The same analysis and conclusion result here. The plaintiffs cite no authority to expand the traditional definition of " chattel" to encompass monetary resources, and the court declines to do so here. Moreover, the relationship between the use of the finances provided to Maciel and the harm to the plaintiffs is too attenuated even, assuming arguendo, money could be deemed " chattel" to fall within the exception of § 317(a)(ii). For these reasons, § 317(a)(ii) does not apply, and the court finds the plaintiffs' attempt to distinguish Murdock 's analysis under § 317 to be without merit.
To avoid the above principles, the plaintiffs argue that any and all actions by Maciel were within his scope of employment as a Legion priest and that he did not have a private life outside of the Legionaries. They go so far to state that Maciel " acted on behalf of the Legion twenty four hours a day, seven days a week." For this assertion, the plaintiffs cite ¶ 44 of the affidavit of Thomas P. Doyle (#252.00). This assertion, even if it were not conclusory in nature, cannot overcome the legal conclusion reached previously by the court. Specifically, the court, Miller, J. already held, as a matter of law, that the alleged sexual abuse by Maciel of the plaintiffs was outside the scope of Maciel's employment because such conduct could not be said to further the defendants' business. (#122.00 at 8.) The court cited, and joined, other courts that have reached that conclusion as a matter of law. (#122.00 at 6-8 (citing cases).)

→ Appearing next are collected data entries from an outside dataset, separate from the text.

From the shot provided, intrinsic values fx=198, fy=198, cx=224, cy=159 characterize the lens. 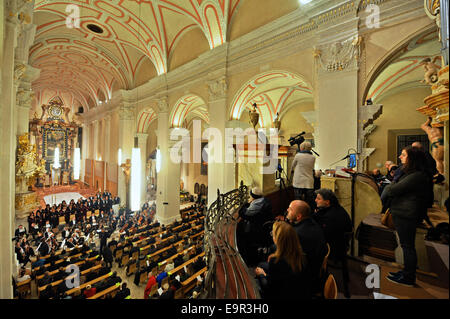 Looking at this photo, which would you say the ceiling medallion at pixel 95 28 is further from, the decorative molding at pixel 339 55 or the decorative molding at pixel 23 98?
the decorative molding at pixel 339 55

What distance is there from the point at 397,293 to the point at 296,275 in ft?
3.92

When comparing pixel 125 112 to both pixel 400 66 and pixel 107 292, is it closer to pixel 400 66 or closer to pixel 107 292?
pixel 107 292

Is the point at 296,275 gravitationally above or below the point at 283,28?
below

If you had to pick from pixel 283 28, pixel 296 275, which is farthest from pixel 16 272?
pixel 283 28

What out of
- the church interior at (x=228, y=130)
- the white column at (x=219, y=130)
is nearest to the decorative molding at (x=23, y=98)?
the church interior at (x=228, y=130)

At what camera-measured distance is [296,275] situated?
1493mm

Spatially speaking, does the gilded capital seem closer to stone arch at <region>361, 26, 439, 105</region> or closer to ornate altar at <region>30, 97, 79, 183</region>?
stone arch at <region>361, 26, 439, 105</region>

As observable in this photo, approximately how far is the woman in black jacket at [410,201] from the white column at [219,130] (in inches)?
242

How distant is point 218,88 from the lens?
8203 mm

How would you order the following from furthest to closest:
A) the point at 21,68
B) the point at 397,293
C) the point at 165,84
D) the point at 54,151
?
the point at 54,151 → the point at 165,84 → the point at 21,68 → the point at 397,293

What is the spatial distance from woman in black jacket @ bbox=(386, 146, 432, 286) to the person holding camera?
1435 millimetres

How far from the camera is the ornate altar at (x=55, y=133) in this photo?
73.0 feet

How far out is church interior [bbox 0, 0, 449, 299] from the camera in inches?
96.3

The plaintiffs also seem to suggest that even if a duty cannot properly be derived from the Restatement (Second) of Torts, the court should nonetheless find a duty for various public policy reasons. As the Court in Murdock declined that invitation, so too does this court under the circumstances of this case. It is important to keep in mind what is not at issue in this case: This case has nothing to do with a duty owed by these defendants, or any other religious organization, to children who suffer sexual abuse by a priest in the child's parish, where there exists a priest-parishioner relationship.
Because the court concludes on public policy grounds that these defendants did not owe these plaintiffs a duty, " there is no need to perform an analysis under the foreseeability prong." Ryan Transp., Inc., 266 Conn. at 529; see also Murdock, 268 Conn. at 575 n.23. In the absence of a duty on the part of these defendants as to these plaintiffs, the plaintiffs cannot prevail on their negligence-based claims. Therefore, the defendants are entitled to summary judgment on counts six through eight and fourteen through sixteen.
V
CONCLUSION
Based on the foregoing, the court grants the defendants' motion for summary judgment (#243.00).